Text: Anonymous, “Calamities of Genius,” Gloversville Intelligencer (Gloversville, NY), vol. IX, no. 22, May 27, 1875, p. 1, col. 7


Calamities of Genius.

The lives of men of genius are often a record of persecutions, misery and poverty. Whenever we turn in the history of those whose thought have enlightened and cultivated the minds of their fellow beings, we find that gloom and shadow have too often been their inseparable companions, haunting them, and casting a blight on their paths.

The most successful literary men are frequently those who have suffered most. Here and there we meet with one whose life has been unchequered by adversity; but such instances are rare, and are generally among those who have not been dependent on literary labor for support.
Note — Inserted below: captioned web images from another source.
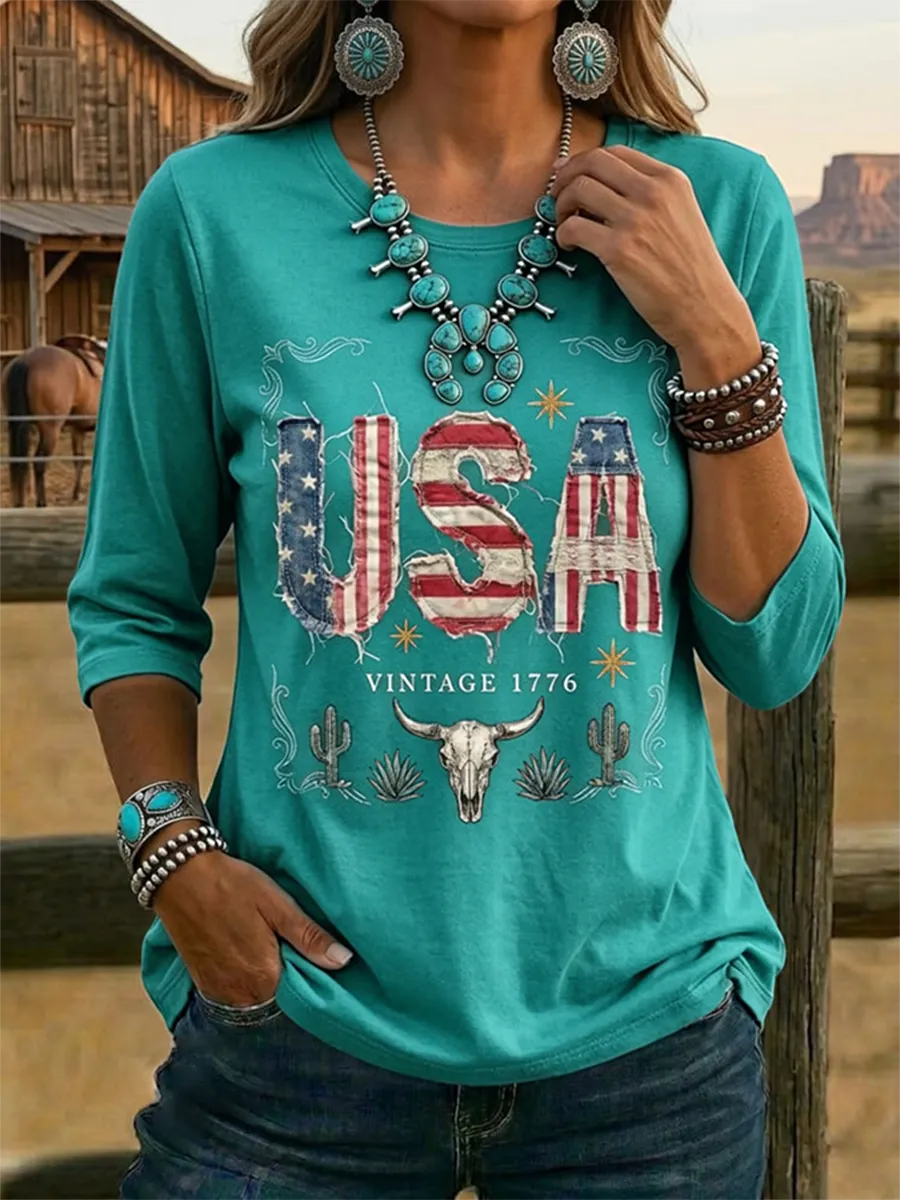 Women's Vintage USA Print Casual Half-sleeve Top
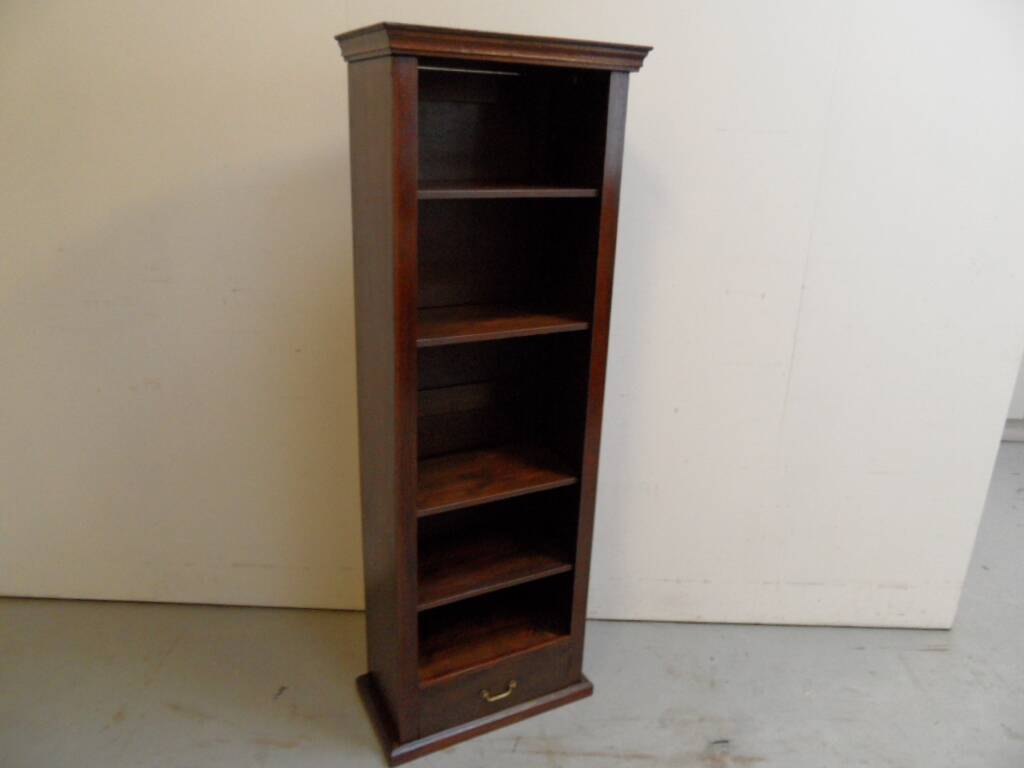 Antique oak open bookcase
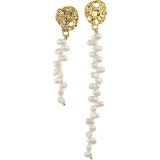 1 par de pendientes colgantes de perlas de agua dulce con incrustaciones de cobre geométricas de moda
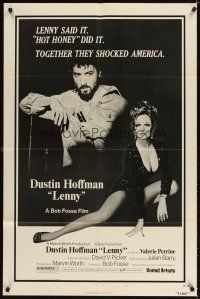 5c418 LENNY style B 1sh '74 Dustin Hoffman as comedian Lenny Bruce w/microphone, Valerie Perrine!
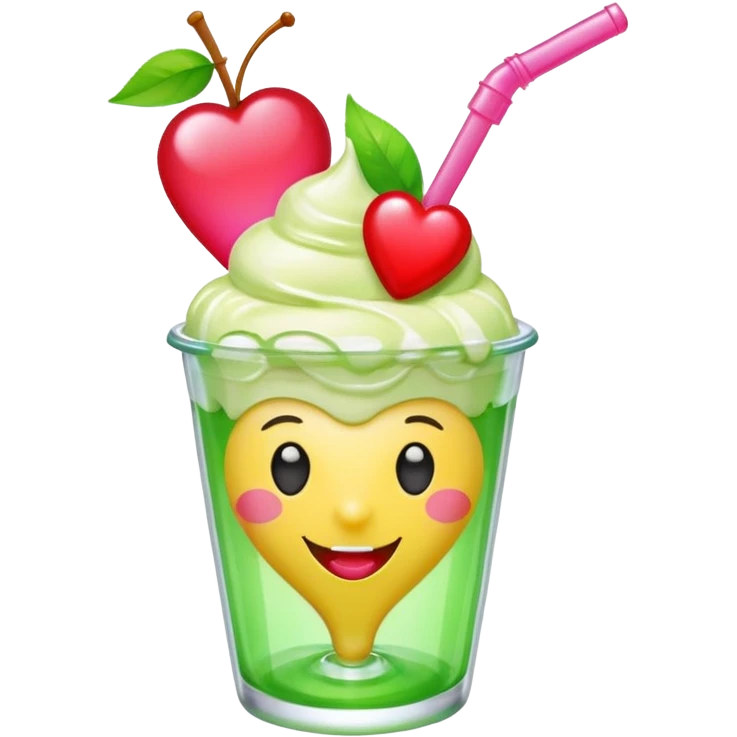 Create an emoji with a clear rounded glass, bright transparent green soda, vanilla ice cream scoop, two red cherries, pink heart-shaped straw, simple shapes, bright colors, glossy, kawaii style, centered, transparent background
 emoji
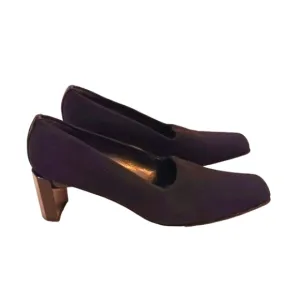 Stuart Weitzman Black Pumps Sz 9.5 BLOCK Heel Shoes Career Office Classic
Even Pope, the most successful author of his age, was not exempted from the misfortunes of his profession, a and he thus writes in the preface of his works:

“I believe if any one, early in his life, should contemplate the dangerous fate of authors, he would scarce be of their number on any consideration.” And Byron, in conversation with Lady Blessington, in speaking of his daughter, said, “I am told that she is clever — I hope not; and, above all, I hope she is not poetical; the price paid for such advantages, if advantages they be, is such as to make me pray that my child may escape them.” What a confession, emanating from the lips of a child of genius and fortune!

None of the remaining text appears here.